I just heard about them. The podcast was really interesting.
http://www.smartpassiveincome.com/millionaire-mastermind-groups-jaime-tardy/
Made me wonder what it was like to do it.
I haven't listened to that podcast yet but Pat's talked about the components of a good MM group before.
He recommends a lot of structure: weekly gatherings (in person or via Skype or Hangout), host rotates to a different member each week, limit of five minutes per presentation, each member's specific goals laid out and addressed next week, max meeting time of an hour. It's similar to Y Combinator's Tuesday-evening dinners for their startup entrepreneurs: they have specific goals, they made themselves publicly accountable to the rest of the group, and they know that they'd better have something to show before that next meeting.
There are a lot of mastermind groups among personal-finance bloggers, but they're focusing on the aspects of achieving FI like websites, social media, building an audience, marketing, and so forth. I doubt that anyone is laying out their asset allocation goals or researching SWRs.

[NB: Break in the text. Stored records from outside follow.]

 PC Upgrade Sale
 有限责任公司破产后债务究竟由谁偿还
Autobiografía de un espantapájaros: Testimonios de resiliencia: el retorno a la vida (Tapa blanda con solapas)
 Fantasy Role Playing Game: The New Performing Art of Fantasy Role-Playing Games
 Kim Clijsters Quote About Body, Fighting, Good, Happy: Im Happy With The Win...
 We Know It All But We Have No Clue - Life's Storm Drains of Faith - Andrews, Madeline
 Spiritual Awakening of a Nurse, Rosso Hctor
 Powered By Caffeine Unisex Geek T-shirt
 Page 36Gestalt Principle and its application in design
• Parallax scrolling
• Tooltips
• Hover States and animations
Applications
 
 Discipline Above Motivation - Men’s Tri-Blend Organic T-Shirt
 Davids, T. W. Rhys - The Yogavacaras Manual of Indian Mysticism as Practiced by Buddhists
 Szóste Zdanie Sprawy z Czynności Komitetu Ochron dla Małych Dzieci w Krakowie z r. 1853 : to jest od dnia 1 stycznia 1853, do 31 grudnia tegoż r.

Arguably you're in the world's largest (and least organized?) FI mastermind group right here. Or you could form your own chapters like the "groups" on Early-Retirement.org. (I used a group there to collect advice & stories for the book, and then I used it to publish draft chapters for the group's critique.) You could even use the posters in your geographic area for an online or an in-person mastermind group.
One wrinkle would be what a mastermind member does after they reach FI. Do they stay in the group and mentor other members? Do they drop out and disappear to live happily ever after? Or do they just spend all day composing long posts on Internet forums?